カシオ計算機のものづくりを支えたエンジニアカシオ計算機のものづくりを支えたエンジニア

Profile 樫尾 幸雄

樫尾幸雄は樫尾四兄弟の四男として、カシオ計算機のものづくりの屋台骨を支えたエンジニアです。俊雄の発明を製品化して品質を高める設計と、量産のための生産技術を創造してきました。
大学や会社で設計を学んだ幸雄は、3人の兄がいる樫尾製作所に加わり、計算機の開発に取り組みます。俊雄が書いた手書きの図面を見ながら計算機の仕組みを理解し、実際の製品に仕上げていきました。また、当時は手書きだったボウリングのスコアをヒントに、世界初のパーソナル電卓「カシオミニ」を考案。大ヒット商品を生み出す立役者となりました。
幸雄は、使いやすく、安く、高品質の製品を追求し、長年にわたってカシオ計算機の生産技術を支えてきました。電卓の全自動生産ラインをはじめ、幸雄が作り上げた数々の仕組みは、今日のカシオ計算機の生産ネットワークの基礎となっています。

1930年11月29日、東京都生まれ。日本大学機械科を卒業後、日本製鋼所を経て、52年樫尾製作所入社。カシオ計算機株式会社の常務、専務を経て、91年副社長に就任。科学技術庁長官賞「科学技術功労者」受賞(2000年)。旭日小綬章受章(2005年)。2014年から特別顧問となり、社内講演やメディア取材を通じてものづくりの精神を伝える。

樫尾 幸雄

電卓戦争の最中、個人向け電卓をいかに薄く、安くするかがメーカーの課題でした。そのポイントは、大規模集積回路(LSI)とキーボード。そのキーボードの改良に取り組んだのが幸雄です。当時、電卓のボタンの裏には一つ一つスプリングが入っていました。このスプリングがあるため、電卓を薄くすることができなかったのです。幸雄はここに着目し、一枚の金属板に渦巻きの切れ目を入れてスプリングのような形状にする「板バネ式」を考案。この結果、薄くかつ安いキーボードを実現することができ、「カシオミニ」が誕生するのです。「エンジニアは、目的を実現するための最もシンプルな形を考えなければなりません。シンプル・イズ・ザ・ベストです」と幸雄。余計なものを削ぎ落とすことで、小型・低価格・高品質の製品をつくれるという信条を持っています。

メーカーのオリジナリティをつくるのはコア技術技術は生鮮食品

初期のリレー計算機には、接点の接触不良という問題がありました。

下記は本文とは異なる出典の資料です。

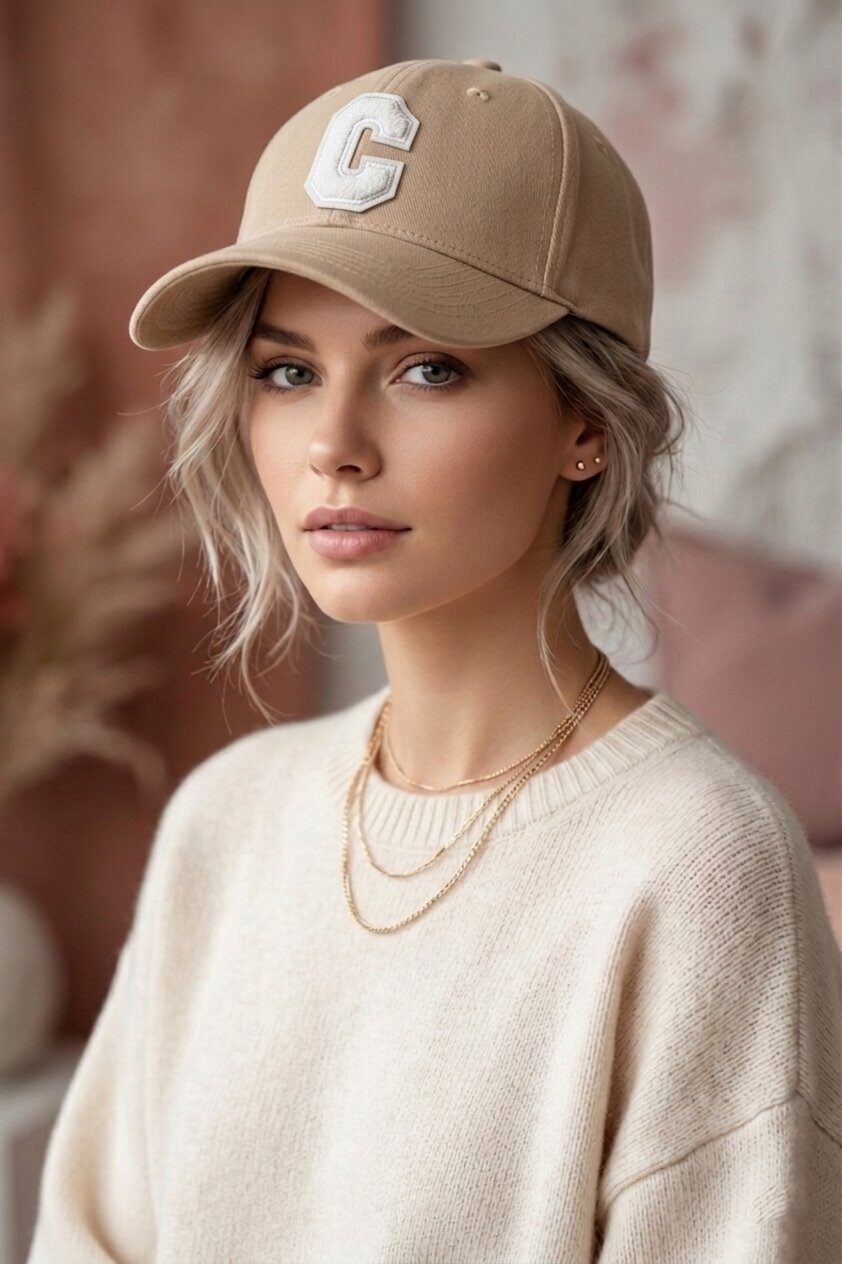 Cap C cotton taupe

計算機の命である計算の正確さを守るために、幸雄はリレー素子の設計を見直しました。そして、1枚のU字型の板に2つの接点があり、どちらかの接点が必ずくっつく構造の「ダブル接点」を編みだし、接触不良をシャットアウトしました。
正確に計算できる小型計算機というオリジナリティを保つためにこの技術を開発した幸雄は、後に強烈な個性を持つ製品を実現させるための技術開発を先導します。独創的な製品をつくるには、自社の得意とするコア技術が必要だという考えにより「軽薄短小ローパワー」の技術を究め、パーソナル電卓や、多機能腕時計、クレジットカードサイズの電卓、超薄型デジタルカメラなどを実現させました。

技術は生鮮食品技術は生鮮食品

リレー計算機の成功に安堵し、トランジスタを使った計算機の電子化に後塵を拝してしまった樫尾四兄弟。すぐに電子式に切り替え、事なきを得ますが、幸雄はこの経験から「技術は生鮮食品のようなものだ」と語っています。「たとえ、最新の技術を持っていたとしても、放っておけばすぐに腐って使い物にならなくなってしまう。メーカーは常に世界の技術革新の流れを読まなくてはなりません」。成功体験に固執するのではなく、新しいものを生み出し続ける姿勢がメーカーにとって重要だと説いています。

幸雄は、カシオ計算機の黎明期から多種多様な製品の設計と製造に携わってきました。俊雄の発明を具現化する役割を担ってきましたが、優れた技術は一朝一夕に生み出せるものではないと語っています。「新技術を生み出すのは、日々のしつこさとこだわり、何事も限界まで追求する『エンジニア魂』です」。幸雄は1983年、クレジットカードサイズの電卓「SL-800」を開発。これは、電卓の小型薄型化の技術的な終着点として、ニューヨーク近代美術館にも収蔵されています。「技術力とは、エンジニアの長年の努力の蓄積です。この技術力があるからこそ、今までなかったものを生み出すことができるのです」。エンジニアである幸雄は、自らを研鑽し、オリジナル技術を開発し続けていくことで、カシオ計算機を発展させてきました。

生産技術はメーカーの屋台骨生産技術はメーカーの屋台骨

1965年、生産本部長に就任した幸雄。電卓の全自動生産ラインや数々の生産工場を立ち上げ、量産化のための生産技術を生み出してきました。生産技術の革新によって、カシオ計算機のものづくりを支えてきた幸雄は、製造現場を自分の目で見ることの重要性を説きます。「製造工程をみれば、製造しやすさにつながる新しいアイデアが浮かびます。生産効率と品質をさらに高めることができるのです」。より多くの人々に、より高品質な製品を届けるというメーカーの使命をカシオで支えてきたのは、幸雄の生産技術でした。